Akin’s succumbed a little too much to the Kieslowski and Altman bug when it comes to the episodic, non-linear narration of the story – that doesn’t work as well as in the hands of the masters – but he draws some really fine performances from the ensemble cast. This includes a fine Hannah Schygulla, Fassbinder’s old muse, and Beki Davrak, who plays a gently understated, yet finely nuanced role as the civilized, yet troubled man, trying to do the decent thing in a situation not of his own making, but which has redefined his life.
This is in stark contrast with other males in the film – the one old; the other very young, whose thoughtless, knee-jerk violence towards women leads to their unmotivated deaths.
Here’s a link to a much better review of the film, but there are far more spoilers and unfortunately no pictures of Beki Davrak, who makes a quietly attractive Turkish preux chevalier:)

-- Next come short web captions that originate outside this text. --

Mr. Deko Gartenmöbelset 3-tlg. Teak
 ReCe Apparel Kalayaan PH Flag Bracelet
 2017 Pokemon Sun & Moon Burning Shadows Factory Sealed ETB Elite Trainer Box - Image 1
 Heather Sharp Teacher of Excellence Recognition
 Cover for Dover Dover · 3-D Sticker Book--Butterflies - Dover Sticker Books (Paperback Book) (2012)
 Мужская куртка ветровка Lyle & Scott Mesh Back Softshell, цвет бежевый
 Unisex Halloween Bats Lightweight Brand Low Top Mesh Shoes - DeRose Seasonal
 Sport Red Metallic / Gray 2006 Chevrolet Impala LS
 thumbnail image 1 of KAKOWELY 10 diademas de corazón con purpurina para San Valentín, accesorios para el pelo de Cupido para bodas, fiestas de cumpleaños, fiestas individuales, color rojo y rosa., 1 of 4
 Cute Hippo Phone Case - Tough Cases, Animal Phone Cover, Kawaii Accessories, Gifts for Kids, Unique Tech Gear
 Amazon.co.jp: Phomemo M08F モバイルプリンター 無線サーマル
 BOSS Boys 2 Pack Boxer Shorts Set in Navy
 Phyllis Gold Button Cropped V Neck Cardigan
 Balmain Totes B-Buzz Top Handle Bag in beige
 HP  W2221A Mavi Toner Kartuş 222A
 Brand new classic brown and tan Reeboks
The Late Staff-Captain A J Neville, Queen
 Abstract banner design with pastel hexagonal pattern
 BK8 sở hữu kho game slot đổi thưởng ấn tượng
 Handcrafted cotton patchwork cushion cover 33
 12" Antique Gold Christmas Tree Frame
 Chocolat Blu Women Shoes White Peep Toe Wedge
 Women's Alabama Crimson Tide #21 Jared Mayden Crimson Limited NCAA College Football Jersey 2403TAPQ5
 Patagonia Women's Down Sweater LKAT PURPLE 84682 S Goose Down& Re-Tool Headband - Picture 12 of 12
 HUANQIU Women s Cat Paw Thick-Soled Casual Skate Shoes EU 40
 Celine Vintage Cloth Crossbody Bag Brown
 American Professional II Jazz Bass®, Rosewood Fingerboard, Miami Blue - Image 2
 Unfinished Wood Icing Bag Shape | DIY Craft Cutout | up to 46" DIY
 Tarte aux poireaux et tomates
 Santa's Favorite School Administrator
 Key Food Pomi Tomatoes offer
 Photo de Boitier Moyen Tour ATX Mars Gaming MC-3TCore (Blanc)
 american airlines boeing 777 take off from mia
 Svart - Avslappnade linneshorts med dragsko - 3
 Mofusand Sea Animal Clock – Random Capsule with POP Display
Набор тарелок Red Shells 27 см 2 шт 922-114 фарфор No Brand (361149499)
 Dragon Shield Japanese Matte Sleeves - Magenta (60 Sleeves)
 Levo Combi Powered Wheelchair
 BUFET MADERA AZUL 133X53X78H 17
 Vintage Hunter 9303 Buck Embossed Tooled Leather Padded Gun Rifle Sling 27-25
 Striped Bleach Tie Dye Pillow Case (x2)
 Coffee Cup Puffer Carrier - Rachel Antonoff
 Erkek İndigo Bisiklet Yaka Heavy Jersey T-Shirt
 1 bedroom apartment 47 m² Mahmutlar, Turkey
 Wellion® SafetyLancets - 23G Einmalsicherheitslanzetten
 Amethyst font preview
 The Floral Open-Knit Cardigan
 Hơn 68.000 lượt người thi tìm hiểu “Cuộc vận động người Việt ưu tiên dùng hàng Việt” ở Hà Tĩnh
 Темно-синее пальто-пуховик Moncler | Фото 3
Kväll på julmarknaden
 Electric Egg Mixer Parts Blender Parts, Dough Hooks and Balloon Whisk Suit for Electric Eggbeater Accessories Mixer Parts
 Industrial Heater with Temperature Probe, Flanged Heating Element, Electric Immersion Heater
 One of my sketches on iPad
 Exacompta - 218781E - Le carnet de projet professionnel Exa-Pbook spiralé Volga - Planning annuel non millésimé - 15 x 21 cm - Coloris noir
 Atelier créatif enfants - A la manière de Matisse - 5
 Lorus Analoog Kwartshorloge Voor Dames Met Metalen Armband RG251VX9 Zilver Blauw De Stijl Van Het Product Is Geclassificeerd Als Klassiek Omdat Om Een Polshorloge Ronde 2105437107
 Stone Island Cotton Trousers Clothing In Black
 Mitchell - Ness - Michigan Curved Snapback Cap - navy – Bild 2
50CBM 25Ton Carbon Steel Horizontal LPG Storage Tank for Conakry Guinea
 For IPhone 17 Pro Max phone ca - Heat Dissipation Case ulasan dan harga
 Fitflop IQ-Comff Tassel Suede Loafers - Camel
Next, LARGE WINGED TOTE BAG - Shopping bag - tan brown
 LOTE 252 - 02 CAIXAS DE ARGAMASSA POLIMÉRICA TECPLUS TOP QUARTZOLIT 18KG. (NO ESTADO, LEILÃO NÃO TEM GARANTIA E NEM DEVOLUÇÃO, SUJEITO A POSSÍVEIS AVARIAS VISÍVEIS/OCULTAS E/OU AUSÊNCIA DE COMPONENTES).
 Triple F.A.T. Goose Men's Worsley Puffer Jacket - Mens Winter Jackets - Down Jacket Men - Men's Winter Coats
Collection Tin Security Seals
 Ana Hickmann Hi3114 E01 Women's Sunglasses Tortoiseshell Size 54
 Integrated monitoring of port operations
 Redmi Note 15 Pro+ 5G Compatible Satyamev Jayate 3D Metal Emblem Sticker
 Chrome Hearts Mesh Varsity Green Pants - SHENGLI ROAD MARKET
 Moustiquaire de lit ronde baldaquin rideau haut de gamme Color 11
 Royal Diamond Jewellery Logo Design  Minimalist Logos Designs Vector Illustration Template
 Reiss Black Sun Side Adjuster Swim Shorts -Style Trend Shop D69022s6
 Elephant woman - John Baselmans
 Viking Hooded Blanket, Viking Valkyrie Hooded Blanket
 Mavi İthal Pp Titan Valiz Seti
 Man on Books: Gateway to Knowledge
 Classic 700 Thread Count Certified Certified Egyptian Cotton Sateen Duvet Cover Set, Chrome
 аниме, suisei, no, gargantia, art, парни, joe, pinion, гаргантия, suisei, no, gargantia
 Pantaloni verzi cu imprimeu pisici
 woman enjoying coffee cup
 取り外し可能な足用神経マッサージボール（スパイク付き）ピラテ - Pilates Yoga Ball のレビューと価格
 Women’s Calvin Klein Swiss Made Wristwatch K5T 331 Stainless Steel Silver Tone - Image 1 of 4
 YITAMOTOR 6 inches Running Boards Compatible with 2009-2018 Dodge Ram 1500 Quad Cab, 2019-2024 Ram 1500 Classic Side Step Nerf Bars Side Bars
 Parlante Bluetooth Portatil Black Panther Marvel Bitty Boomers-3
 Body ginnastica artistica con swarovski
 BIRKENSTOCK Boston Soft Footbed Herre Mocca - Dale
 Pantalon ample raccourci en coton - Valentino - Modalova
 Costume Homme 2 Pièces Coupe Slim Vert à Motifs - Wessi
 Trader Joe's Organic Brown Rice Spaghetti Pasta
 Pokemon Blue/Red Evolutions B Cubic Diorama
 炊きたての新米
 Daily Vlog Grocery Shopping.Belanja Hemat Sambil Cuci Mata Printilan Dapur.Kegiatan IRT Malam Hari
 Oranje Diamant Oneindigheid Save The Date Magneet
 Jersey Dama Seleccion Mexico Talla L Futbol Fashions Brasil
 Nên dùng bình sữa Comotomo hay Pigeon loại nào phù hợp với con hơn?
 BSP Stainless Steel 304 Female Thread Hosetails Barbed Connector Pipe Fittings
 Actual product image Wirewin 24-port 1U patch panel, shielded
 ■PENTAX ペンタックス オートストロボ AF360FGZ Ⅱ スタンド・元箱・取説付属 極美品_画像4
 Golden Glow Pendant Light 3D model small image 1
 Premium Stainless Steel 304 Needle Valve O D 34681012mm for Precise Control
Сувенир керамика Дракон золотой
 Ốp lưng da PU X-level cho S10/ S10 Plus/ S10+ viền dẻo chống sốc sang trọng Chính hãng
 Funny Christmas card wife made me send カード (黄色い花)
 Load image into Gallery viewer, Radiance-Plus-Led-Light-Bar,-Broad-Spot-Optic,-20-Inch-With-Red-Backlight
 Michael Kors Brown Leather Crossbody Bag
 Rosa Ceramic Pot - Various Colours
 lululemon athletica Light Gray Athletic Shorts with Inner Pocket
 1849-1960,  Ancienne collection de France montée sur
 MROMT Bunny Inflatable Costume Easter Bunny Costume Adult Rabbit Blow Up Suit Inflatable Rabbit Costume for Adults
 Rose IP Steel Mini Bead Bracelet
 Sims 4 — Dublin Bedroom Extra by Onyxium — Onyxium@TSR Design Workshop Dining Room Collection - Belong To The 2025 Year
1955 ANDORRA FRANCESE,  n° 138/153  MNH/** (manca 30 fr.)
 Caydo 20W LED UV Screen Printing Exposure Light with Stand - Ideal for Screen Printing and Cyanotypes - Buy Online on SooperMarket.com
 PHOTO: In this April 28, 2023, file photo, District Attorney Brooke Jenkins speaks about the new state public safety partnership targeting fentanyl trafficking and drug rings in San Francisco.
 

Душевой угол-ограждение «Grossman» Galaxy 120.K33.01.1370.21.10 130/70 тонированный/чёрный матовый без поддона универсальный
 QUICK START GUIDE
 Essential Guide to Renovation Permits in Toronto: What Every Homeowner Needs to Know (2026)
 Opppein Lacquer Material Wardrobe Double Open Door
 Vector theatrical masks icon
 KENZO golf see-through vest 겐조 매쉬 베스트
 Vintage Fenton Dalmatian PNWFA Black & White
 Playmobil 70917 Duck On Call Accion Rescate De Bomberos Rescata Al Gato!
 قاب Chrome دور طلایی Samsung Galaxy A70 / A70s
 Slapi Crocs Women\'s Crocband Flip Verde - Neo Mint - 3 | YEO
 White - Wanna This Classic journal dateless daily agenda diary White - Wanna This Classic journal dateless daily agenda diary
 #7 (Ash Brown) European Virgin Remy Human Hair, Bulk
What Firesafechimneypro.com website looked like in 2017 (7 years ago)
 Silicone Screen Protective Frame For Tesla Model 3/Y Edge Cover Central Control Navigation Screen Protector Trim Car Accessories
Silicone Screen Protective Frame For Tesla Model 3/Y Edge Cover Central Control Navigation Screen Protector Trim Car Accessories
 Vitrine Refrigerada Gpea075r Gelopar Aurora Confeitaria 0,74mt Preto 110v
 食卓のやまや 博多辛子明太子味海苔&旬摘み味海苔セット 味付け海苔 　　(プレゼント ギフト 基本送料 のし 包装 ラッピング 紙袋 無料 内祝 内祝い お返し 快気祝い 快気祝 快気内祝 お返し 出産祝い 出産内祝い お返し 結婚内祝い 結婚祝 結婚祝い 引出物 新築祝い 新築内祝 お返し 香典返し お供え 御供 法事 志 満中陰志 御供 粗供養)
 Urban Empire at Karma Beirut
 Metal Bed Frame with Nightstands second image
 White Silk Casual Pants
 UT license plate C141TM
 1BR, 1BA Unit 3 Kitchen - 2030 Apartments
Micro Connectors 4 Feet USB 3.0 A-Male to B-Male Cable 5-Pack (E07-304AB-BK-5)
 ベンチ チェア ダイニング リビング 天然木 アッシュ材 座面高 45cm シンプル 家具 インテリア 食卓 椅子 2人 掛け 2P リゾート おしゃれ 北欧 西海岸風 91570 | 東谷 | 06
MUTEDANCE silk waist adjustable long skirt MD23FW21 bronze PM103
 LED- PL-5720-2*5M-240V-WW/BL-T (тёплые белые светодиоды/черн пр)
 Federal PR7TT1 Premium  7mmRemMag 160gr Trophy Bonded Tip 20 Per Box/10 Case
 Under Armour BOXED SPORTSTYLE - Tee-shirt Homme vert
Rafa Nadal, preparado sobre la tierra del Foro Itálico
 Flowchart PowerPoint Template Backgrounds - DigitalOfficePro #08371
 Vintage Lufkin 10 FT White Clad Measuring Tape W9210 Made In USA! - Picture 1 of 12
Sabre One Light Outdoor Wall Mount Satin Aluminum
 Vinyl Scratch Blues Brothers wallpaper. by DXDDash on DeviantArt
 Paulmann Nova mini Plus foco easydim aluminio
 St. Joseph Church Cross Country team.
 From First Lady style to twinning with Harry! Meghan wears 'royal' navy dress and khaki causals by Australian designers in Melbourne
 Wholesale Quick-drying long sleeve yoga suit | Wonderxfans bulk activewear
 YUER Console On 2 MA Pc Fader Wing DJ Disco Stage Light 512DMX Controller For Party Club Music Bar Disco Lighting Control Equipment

http://www.signandsight.com/features/1579.html
(http://www.signandsight.com/features/1579.html)"
— Elinor Jul 28, 4:36pm #
- From Elissa:
“Dear Ellen,
Amazingly, I just reserved The Last Mistress at our library. Perhaps my community is different, but all those bbc series and even years of old tv shows – everything from Sid Ceasar to The Honeymooners to Mavrick to Little House on the Prairie – are available at our library on dvd. And that is why I mentioned the Turner Network Forsyte Saga to you as I thought you could reserve it at a local or univ. library. It never occurred to me that people buy dvd’s and retain them in a collection as one does books! I guess I’m rather “behind the times” in that respect. But, as the owner of rooms full of books and many other possessions, I’ve become tired of accumulating stuff. So it’s the library for us.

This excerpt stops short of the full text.